## EXERCISE BRIEF
The line with "FOLIAGE TALES 4-Panel Room Divider" marks the first line to copy, and the line with "Dassel Cokato High" marks the last. Transcribe that stretch of the data below exactly, without pictures.

## SUPPLIED ENTRIES

# # #

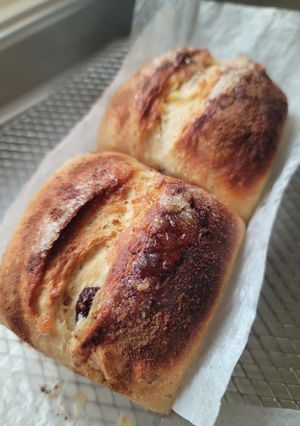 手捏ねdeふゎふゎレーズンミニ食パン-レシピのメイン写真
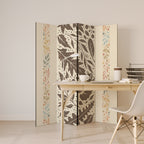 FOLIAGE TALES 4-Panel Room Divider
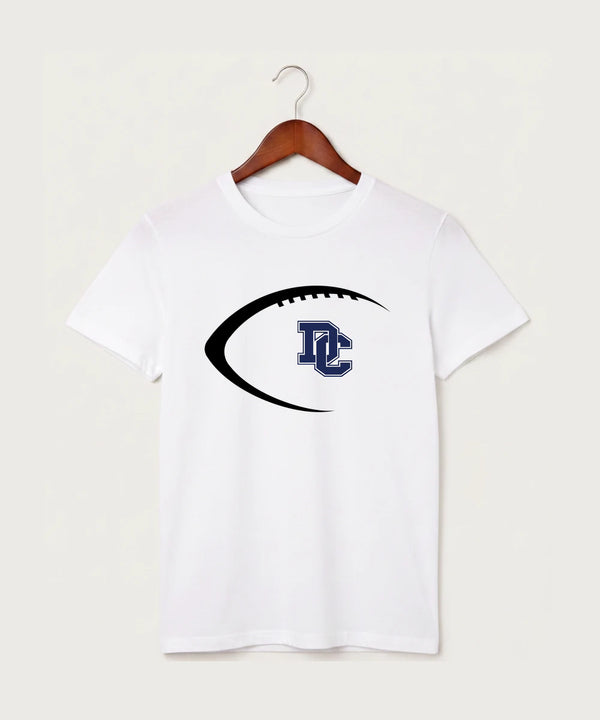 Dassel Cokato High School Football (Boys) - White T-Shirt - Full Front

# # #

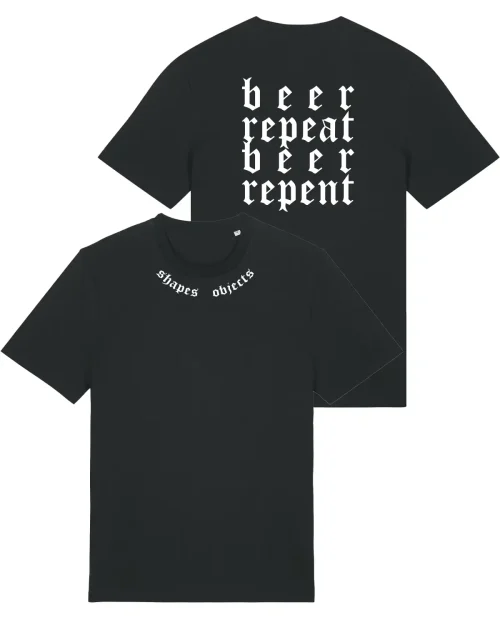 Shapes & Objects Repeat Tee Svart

# # #

## ANSWER TO THE PROBLEM
 FOLIAGE TALES 4-Panel Room Divider
 Dassel Cokato High School Football (Boys) - White T-Shirt - Full Front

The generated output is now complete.